Thanks Magnus — I'm not sure I understand your objection or which specific language choices in the posts seem too strong, yet.

nevertheless holding something weaker, like that some heuristics are slightly better than others in expectation, or that we in general can do meaningfully (or even just marginally) better than nothing

Can you say a bit more about why you think I haven't adequately responded to this perspective, in the sequence? ("Degrees of imprecision", "The 'better than chance' argument", and my response to "Meta-extrapolation" explain why I don't think "X is slightly better than Y in expectation" makes sense here.)

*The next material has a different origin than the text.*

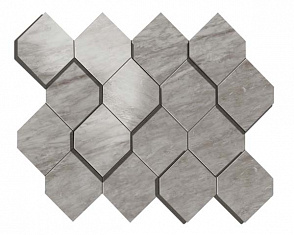 Мозаика керамогранит Marvel Stone Bardiglio Grey Mosaico Esagono 3D (AS39) 28.2x35.3 от Atlas Concorde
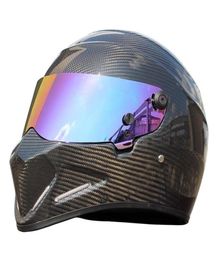 Motorcycle Helmets Brand Carbon Fibre Full Face Helmet Carting Locomotive Personality Motocross Car Road Racing Capacete5446361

Magnus Vinding @ 2025-06-02T15:18 (+2)

I should probably have made it more clear that this isn't an objection, and maybe not even much of a substantive point, but more just a remark on something that stood out to me while reading, namely that the views critiqued often seemed phrased in much stronger terms than what people with competing views would necessarily agree with.

Some of the examples that stood out were those I included in quotes above.

Anthony DiGiovanni @ 2025-06-04T07:12 (+2)

Some of the examples that stood out were those I included in quotes above

I'm still confused, sorry. E.g., "reliably" doesn't mean "perfectly", and my hope was that the surrounding context was enough to make clear what I mean. I'm not sure which alternative phrasings you'd recommend (or why you think there's a risk of misrepresentation of others' views when I've precisely spelled out, e.g., the six "standard approaches" in question).